(Extracted data)
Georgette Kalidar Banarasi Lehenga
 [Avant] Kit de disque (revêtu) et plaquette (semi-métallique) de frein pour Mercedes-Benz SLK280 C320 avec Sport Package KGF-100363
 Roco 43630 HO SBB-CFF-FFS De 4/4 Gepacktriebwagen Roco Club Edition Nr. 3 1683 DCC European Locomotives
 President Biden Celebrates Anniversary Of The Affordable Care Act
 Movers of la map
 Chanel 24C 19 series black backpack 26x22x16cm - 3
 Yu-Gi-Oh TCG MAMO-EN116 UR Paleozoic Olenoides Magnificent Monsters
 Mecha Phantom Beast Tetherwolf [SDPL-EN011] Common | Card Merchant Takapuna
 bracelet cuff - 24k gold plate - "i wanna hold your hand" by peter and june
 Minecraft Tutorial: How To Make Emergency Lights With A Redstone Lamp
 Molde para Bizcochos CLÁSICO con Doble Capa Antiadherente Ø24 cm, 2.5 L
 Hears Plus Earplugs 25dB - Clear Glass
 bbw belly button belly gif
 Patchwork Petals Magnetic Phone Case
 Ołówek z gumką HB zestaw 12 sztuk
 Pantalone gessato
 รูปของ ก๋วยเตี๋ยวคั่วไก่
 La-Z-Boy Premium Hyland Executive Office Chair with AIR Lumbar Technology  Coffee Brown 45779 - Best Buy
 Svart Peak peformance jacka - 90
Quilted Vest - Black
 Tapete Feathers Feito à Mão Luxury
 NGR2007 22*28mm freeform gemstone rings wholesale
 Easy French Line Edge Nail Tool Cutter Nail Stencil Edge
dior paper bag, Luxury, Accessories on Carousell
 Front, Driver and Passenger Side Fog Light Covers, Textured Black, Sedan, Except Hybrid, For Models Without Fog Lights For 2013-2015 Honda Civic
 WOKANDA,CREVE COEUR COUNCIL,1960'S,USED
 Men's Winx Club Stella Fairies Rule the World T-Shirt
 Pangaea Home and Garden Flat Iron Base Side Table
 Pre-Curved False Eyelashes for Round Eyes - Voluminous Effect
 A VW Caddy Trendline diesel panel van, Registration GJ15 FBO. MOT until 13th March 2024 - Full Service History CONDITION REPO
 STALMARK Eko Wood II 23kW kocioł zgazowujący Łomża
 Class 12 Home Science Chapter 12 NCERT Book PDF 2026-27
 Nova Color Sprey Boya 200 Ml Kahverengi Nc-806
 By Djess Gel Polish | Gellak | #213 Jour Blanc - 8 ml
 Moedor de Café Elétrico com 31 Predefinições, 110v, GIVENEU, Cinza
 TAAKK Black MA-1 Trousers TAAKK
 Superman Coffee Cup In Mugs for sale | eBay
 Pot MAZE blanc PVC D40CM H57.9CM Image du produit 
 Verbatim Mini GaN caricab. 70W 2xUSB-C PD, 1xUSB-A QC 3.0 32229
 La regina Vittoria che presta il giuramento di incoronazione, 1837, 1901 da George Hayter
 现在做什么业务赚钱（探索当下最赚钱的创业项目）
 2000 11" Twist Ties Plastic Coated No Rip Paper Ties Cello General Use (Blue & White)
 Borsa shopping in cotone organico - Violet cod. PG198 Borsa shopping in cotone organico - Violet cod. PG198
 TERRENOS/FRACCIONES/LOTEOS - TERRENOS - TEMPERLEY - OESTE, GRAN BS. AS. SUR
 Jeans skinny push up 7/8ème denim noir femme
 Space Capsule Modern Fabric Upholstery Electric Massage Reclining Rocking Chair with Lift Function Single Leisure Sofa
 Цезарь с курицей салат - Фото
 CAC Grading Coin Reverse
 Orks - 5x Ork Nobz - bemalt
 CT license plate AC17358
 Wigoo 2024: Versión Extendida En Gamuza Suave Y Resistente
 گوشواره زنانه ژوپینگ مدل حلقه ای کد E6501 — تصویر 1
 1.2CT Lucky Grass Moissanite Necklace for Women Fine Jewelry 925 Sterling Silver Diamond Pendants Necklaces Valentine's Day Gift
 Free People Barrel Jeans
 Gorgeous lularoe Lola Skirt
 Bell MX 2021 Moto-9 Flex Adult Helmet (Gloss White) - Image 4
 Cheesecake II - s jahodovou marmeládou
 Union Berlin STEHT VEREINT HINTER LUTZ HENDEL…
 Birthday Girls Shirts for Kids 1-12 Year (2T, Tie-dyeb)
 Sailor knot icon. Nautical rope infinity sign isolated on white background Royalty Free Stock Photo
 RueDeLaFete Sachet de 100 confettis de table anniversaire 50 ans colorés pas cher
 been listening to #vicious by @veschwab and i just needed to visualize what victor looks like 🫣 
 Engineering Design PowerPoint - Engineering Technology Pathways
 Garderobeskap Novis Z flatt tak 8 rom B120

(Work task) Which lines above run from the one containing "CAC Grading Coin Reverse" to the one containing "Union Berlin STEHT"? Give them again exactly, both ends included.

(Written answer)
 CAC Grading Coin Reverse
 Orks - 5x Ork Nobz - bemalt
 CT license plate AC17358
 Wigoo 2024: Versión Extendida En Gamuza Suave Y Resistente
 گوشواره زنانه ژوپینگ مدل حلقه ای کد E6501 — تصویر 1
 1.2CT Lucky Grass Moissanite Necklace for Women Fine Jewelry 925 Sterling Silver Diamond Pendants Necklaces Valentine's Day Gift
 Free People Barrel Jeans
 Gorgeous lularoe Lola Skirt
 Bell MX 2021 Moto-9 Flex Adult Helmet (Gloss White) - Image 4
 Cheesecake II - s jahodovou marmeládou
 Union Berlin STEHT VEREINT HINTER LUTZ HENDEL…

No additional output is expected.